To achieve sales and energize the sales agents, the life insurance companies introduce new and innovative products every year. These new products are variations of the old products, but have some changes to allow the agents to market the product. The variations may take the following forms:
a) a shorter period to pay the insurance premium
b) additional risks that are being covered
c) change from guaranteed to investment-linked payouts or back
As each new product is launched, the insurance agents have the chance to go back to the old customers and get the customers to terminate an existing policy and buy a new policy under the new product with the special features.
The customers are taken for a ride. They are not aware that the existing products give better value and that replacing the products is costly and against the interest of the consumer. In most cases, the consumer has to give up two years of premiums as upfront cost. The customers were also not aware they can buy separate insurance, at low cost, to cover any new needs. (I shall write separately on these matters).
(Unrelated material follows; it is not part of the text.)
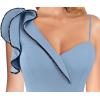 imageVFSHOW Womens Formal Prom Elegant Ruffle One Shoulder Beaded Strap Ruched Slit Maxi Dress Wedding Evening Long GownSparkly Dusty Blue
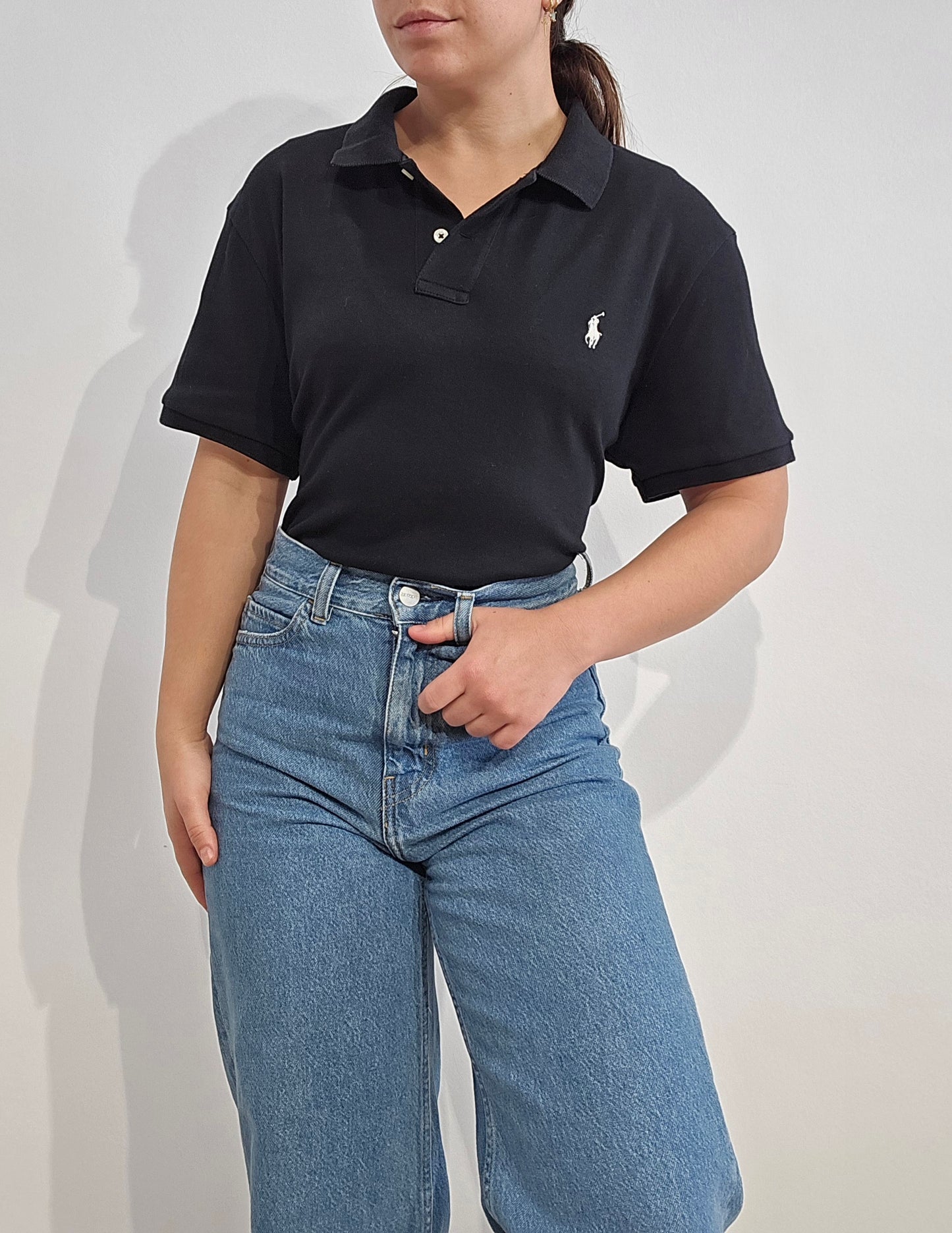 Polo classic fit en coton noir - L/XL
Some insurance agents make a good living by replacing the existing policies of their customers every few years with the new "better" products, but making their customers poorer in the process. With the huge loses on the replaced products, the consumers are never able to accumulate sufficient savings for their retirements, even if they had been frugal.
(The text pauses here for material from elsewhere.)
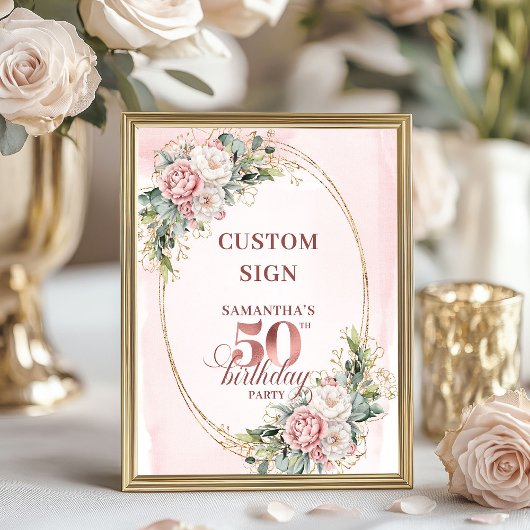 Poster Personalized Romantic Rose Gold 50th Birthday 8x10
An insurance agent can achieve the top sales position by making it possible for the sales agents to exploit the ignorance of their customers through the replacement of existing policies. The sales agents are happy with this arrangement, as they can earn high commission by selling the new policies, and it is easier to replace existing policies than to find new customers.
This bad practice of replacing policies, also known as "twisting" is made illegal in some countries. It is discouraged in Singapore, but the enforcement is weak.
An ethical insurance company will protect the interest of its customers by disallowing replacement of existing policies. An unethical company will make it easy for the sales agents to explot the ignorance of the existing customers to make new sales by replacing existing policies, and achieve the top sales position.